Quote:Original post by Driv3MeFar
Quote:Original post by Muse
Quote:Original post by Oluseyi Source code is an intermediate product, not an end result, so comparing source code to buildings is wrong. Correcting that analytical error, it becomes clear that the parallels between software development and other engineering disciplines are very strong. So I'm going to have to stand by my original statement: software development is a young and primitive discipline. |
I continue to disagree. Source code is the final product of the software engineer. There is no need to extend this discussion to the trivial final step of converting that source code into machine instructions; that is not a human job, and we are discussing humans here. |
I don't think so. Code is a means to and end; ultimately, the goal is an application which can be used by your customers. They don't care what your code looks like, and in most cases you're not selling code, you're selling the final application built from that code. |
Not only that, but the quality of source code is not directly proportional to the quality of the resulting software artifact. Thousands of software developers write ugly, hard to read/maintain code that yields efficient, pleasurable use to customers. Plus, a software developer's job is not done until the source code produced has been proven to translate into object/machine code and software artifacts/behaviors in desired fashion. If the result of a "mere translation step" is the arbiter of the quality/completion of your work, then that result
is your product.
Quote:Original post by Muse
Quote:Original post by Oluseyi Blueprint -> building : immense amount of labor UML diagram -> software artifact : immense amount of labor |
You've juxtaposed the work necessary to transmute a blueprint into a bridge to that necessary to transmute a UML diagram into a complete software project, implying that they're the same sort of thing. But are they? |
You've arbitrarily selected the large task of converting a blueprint into a bridge, as opposed to the proportionally smaller yet semantically and conceptually identical task of, say, converting a blueprint into a table for mass production at IKEA. I see right through that, so, to answer your question, yes, they're the same sort of thing.

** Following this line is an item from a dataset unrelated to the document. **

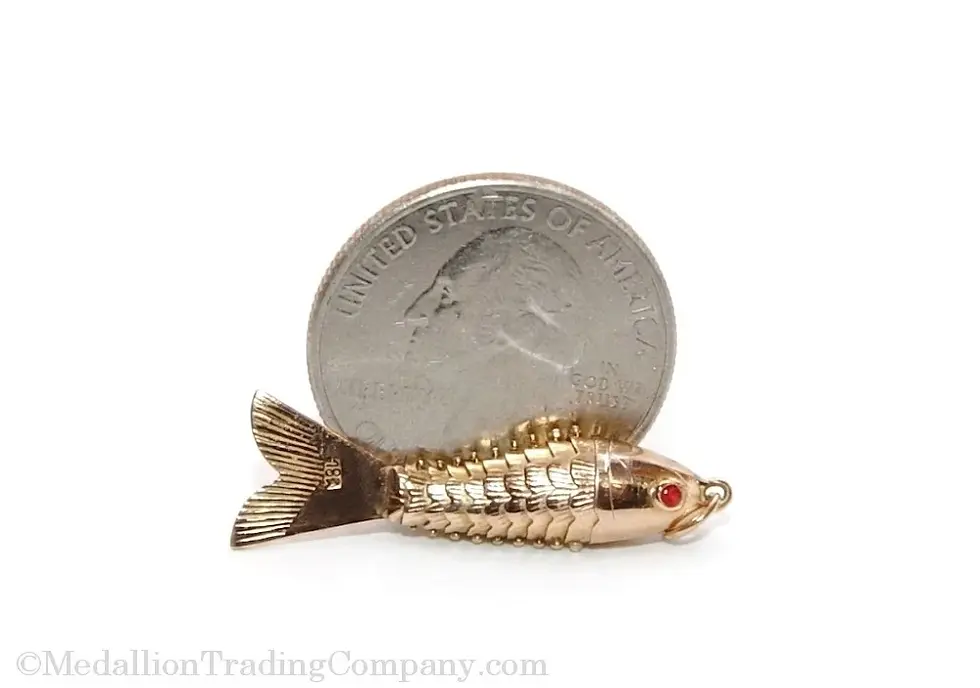 Thumbnail: Vintage 18k Yellow Gold Ruby Eye Articulated Koi Fish Pendant Charm 1.25" Lot 1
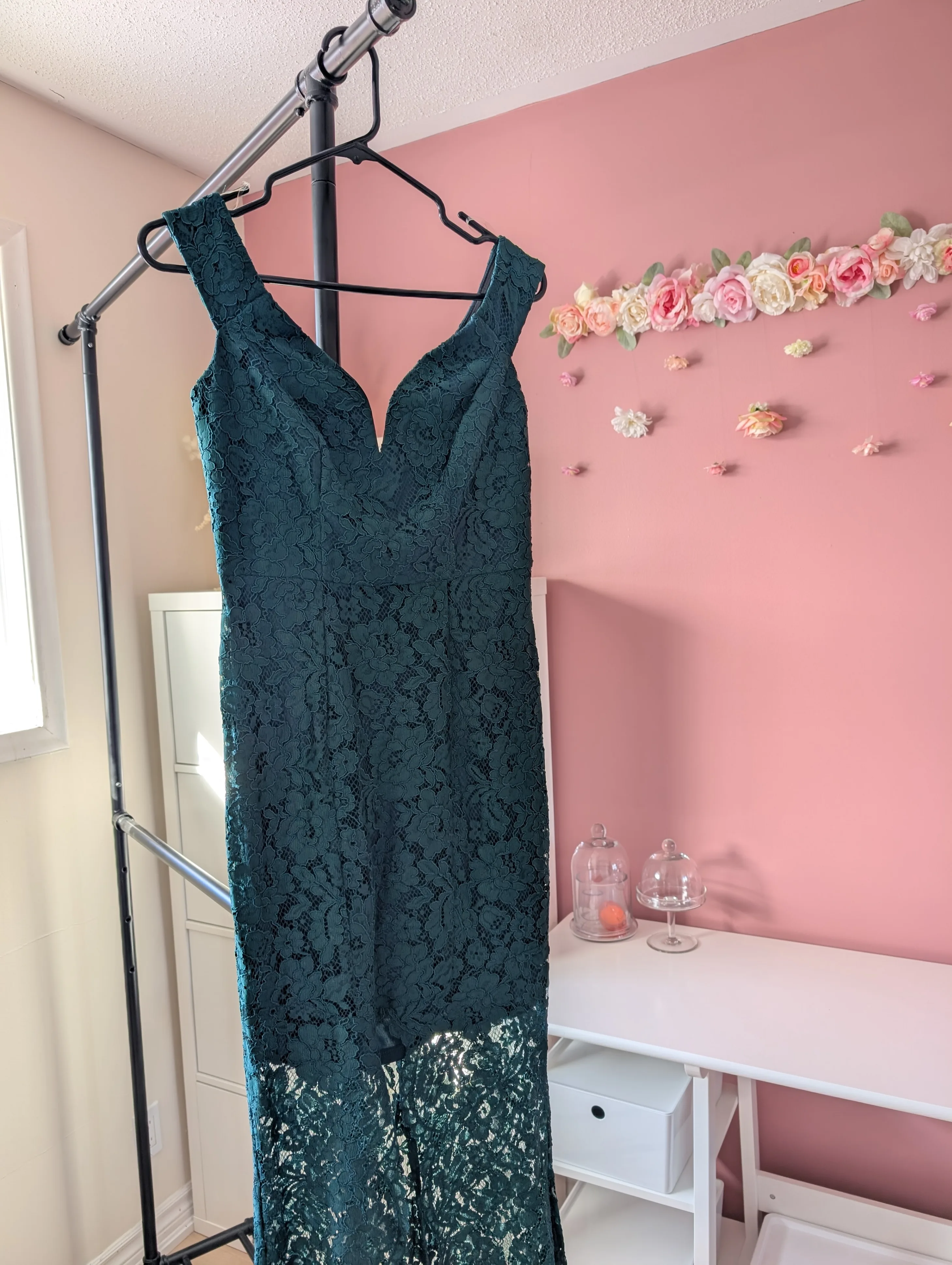 Size 2 Jade Green Lace Le Chateau Dress image indicator(2)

Quote:Another way of reiterating my argument: If you wrote a software project design sufficiently precisely (to use your own term), that no more design decisions needed to be made, then the blueprint you wrote would be the software. This is why I can't stomach the argument that programmers are fungible: for them to do useful work they need a certain creativity and a certain perspicacity, which needless to say differentiates them. |
The blueprint would be the software prior to a translation step requiring no creative input. If the form of that blueprint is machine comprehensible, then, yes, it's the software - compile away. But it typically isn't, which is why we need "coders".
For the record, I never said programmers were fungible. I said
coders were. (Go back and re-read my post.)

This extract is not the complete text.